Non sono enti del Terzo Settore le Amministrazioni pubbliche (art. 1, co. 2, D.Lgs. 30.3.2001, n. 165), le formazioni e le associazioni politiche, i sindacati, le associazioni professionali e di rappresentanza di categorie economiche, le associazioni di datori di lavoro, nonché gli enti sottoposti a direzione e coordinamento o controllati dai suddetti enti.

Sotto il profilo del riconoscimento di un soggetto quale appartenente al settore in commento, secondo quanto previsto dalla riforma, gli enti del Terzo Settore si iscrivono nel registro unico nazionale del terzo settore e indicano gli estremi dell’iscrizione negli atti, nella corrispondenza e nelle comunicazioni al pubblico. Inoltre, l’indicazione di ente del Terzo Settore o dell’acronimo ETS, ovvero di parole o locuzioni equivalenti o ingannevoli non può essere usata da soggetti diversi dagli enti del Terzo Settore.
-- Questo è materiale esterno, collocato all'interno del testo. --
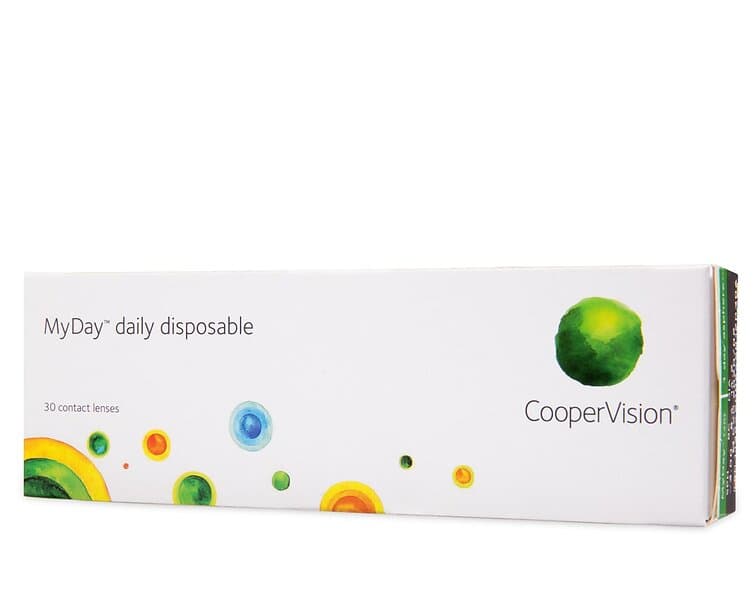 CooperVision Myday Daily Disposable (30-pack)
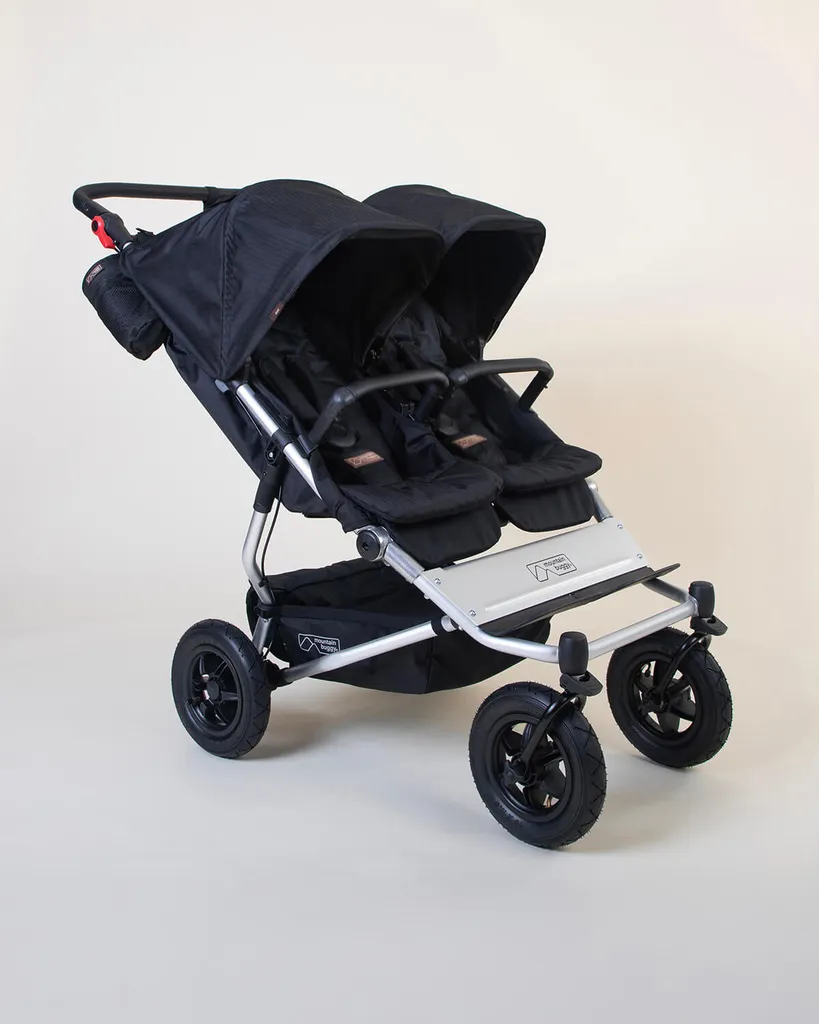 Mountain Buggy Duet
3. Alcune riforme oggettive

Un primo elemento di novità oggettiva introdotto con la riforma in commento riguarda le Onlus. Infatti, con la piena attuazione normativa della riforma la disciplina riguardante le Onlus viene completamente abrogata, con la conseguenza che gli enti che ad oggi hanno la qualifica di Onlus devono (dovranno, vista la non immediata e totale attuazione della riforma) avviare l’iter per iscriversi al Registro unico nazionale del Terzo Settore. Nel frattempo continuano ad applicarsi le norme previgenti ai fini e per gli effetti derivanti dall’iscrizione all’anagrafe delle Onlus.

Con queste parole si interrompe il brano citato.